All things are filled full of signs, and it is a wise man who can learn about one thing from another.

—Plotinus, c. 255

Everything that deceives does so by casting a spell.

—Plato, c. 375 BC

Men willingly believe what they wish.

—Julius Caesar, c. 50 BC

Have you ever, looking up, seen a cloud like to a centaur, a leopard, a wolf, or a bull?

—Aristophanes, 423 BC

The more enlightened our houses are, the more their walls ooze ghosts.

—Italo Calvino, 1967

God is alive.
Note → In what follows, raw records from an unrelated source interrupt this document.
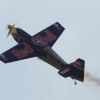 3. Oldtimer- und Luftfahrtfestival Eutingen (Gäu) 14.06.2015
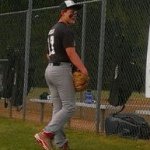 Ryan Speer - @ryanspeer17 - Instagram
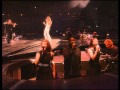 Celine Dion - To Love You More (Live In Paris at the Stade de France 1999) HDTV 720p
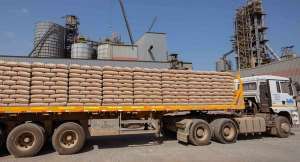 Cement price hike looms as manufacturers introduce GH¢12 clinker demurrage surcharge amid Tema Port congestion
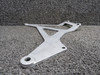 77983 Lycoming TIO-540-C1A Turbocharger Bracket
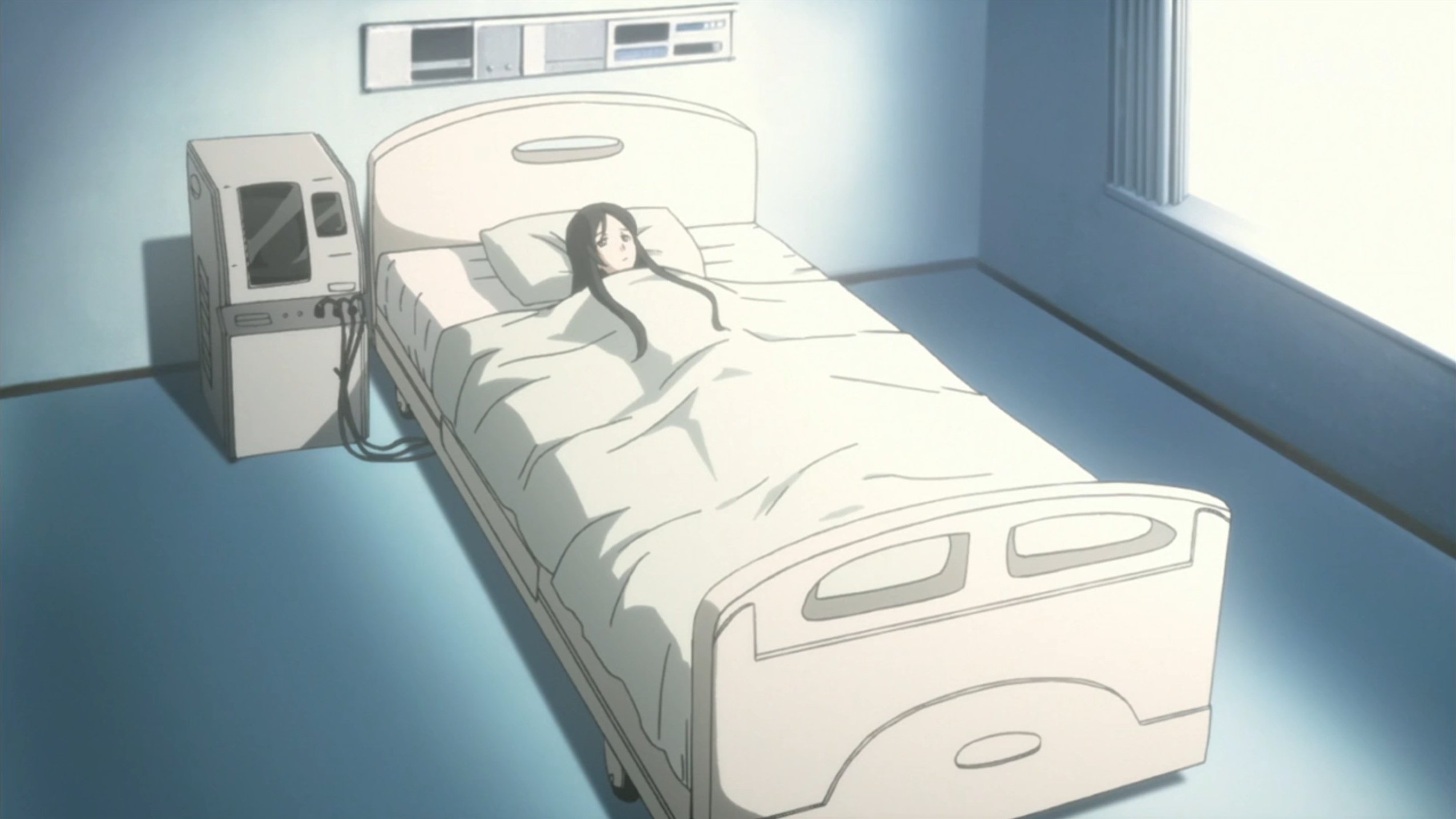 Episode 11
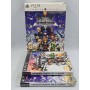 Kingdom Hearts HD 2.5 ReMIX Edition Limitée PS3  | Jeux Ps3 | retrogaming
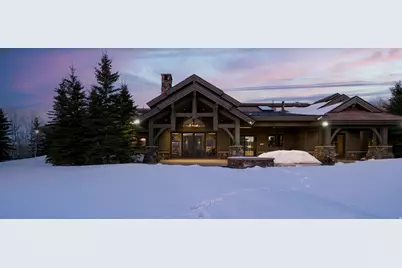 10716 E Forest Creek Rd, Heber City, UT 84032 - Photo 46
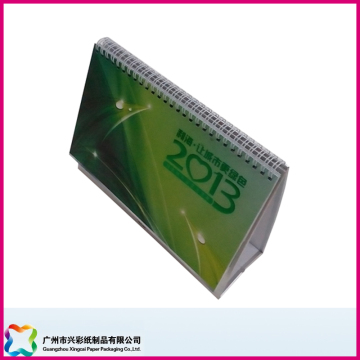 Customizable 2015 Calendars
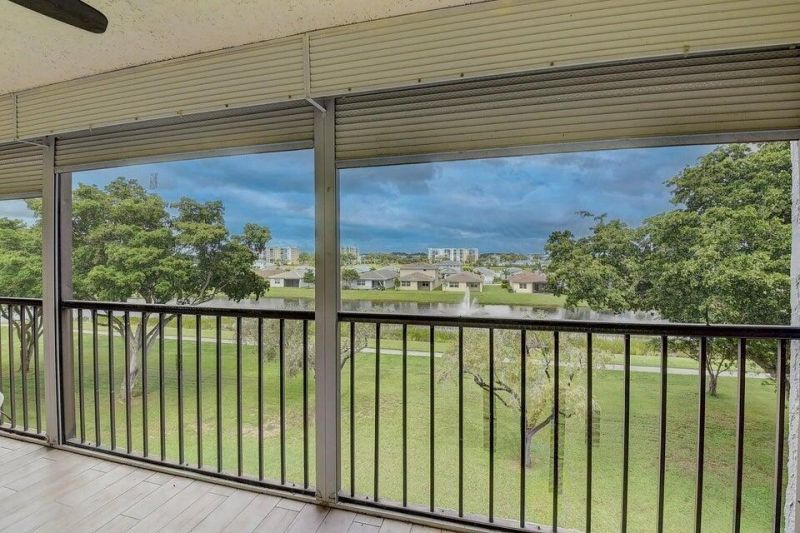 14723 Cumberland Drive, Unit 4060, Delray Beach, FL 33446 Photo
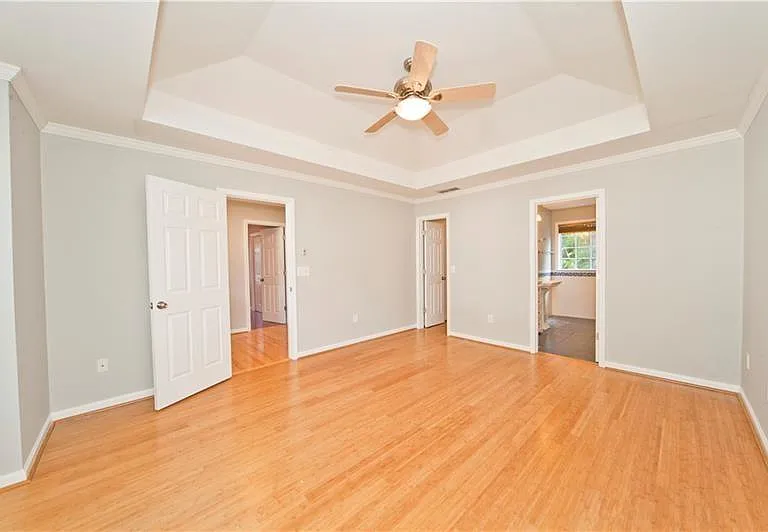 1170 Rhyne Chase SE — Photo 24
Magic is afoot.

—Leonard Cohen, 1966

One thing alone not even God can do: to make undone whatever has been done.

—Aristotle, c. 350 BC

Superstitions are habits rather than beliefs.

—Marlene Dietrich, 1962

Appearances often are deceiving.

—Aesop, c. 550 BC

Nothing is so easy as to deceive one’s self; for what we wish, that we readily believe.

—Demosthenes, 349 BC

Any serious attempt to do anything worthwhile is ritualistic.

—Derek Walcott, 1986

A miracle entails a degree of irrationality—not because it shocks reason, but because it makes no appeal to it.

—Emmanuel Lévinas, 1952

There is not so contemptible a plant or animal that does not confound the most enlarged understanding.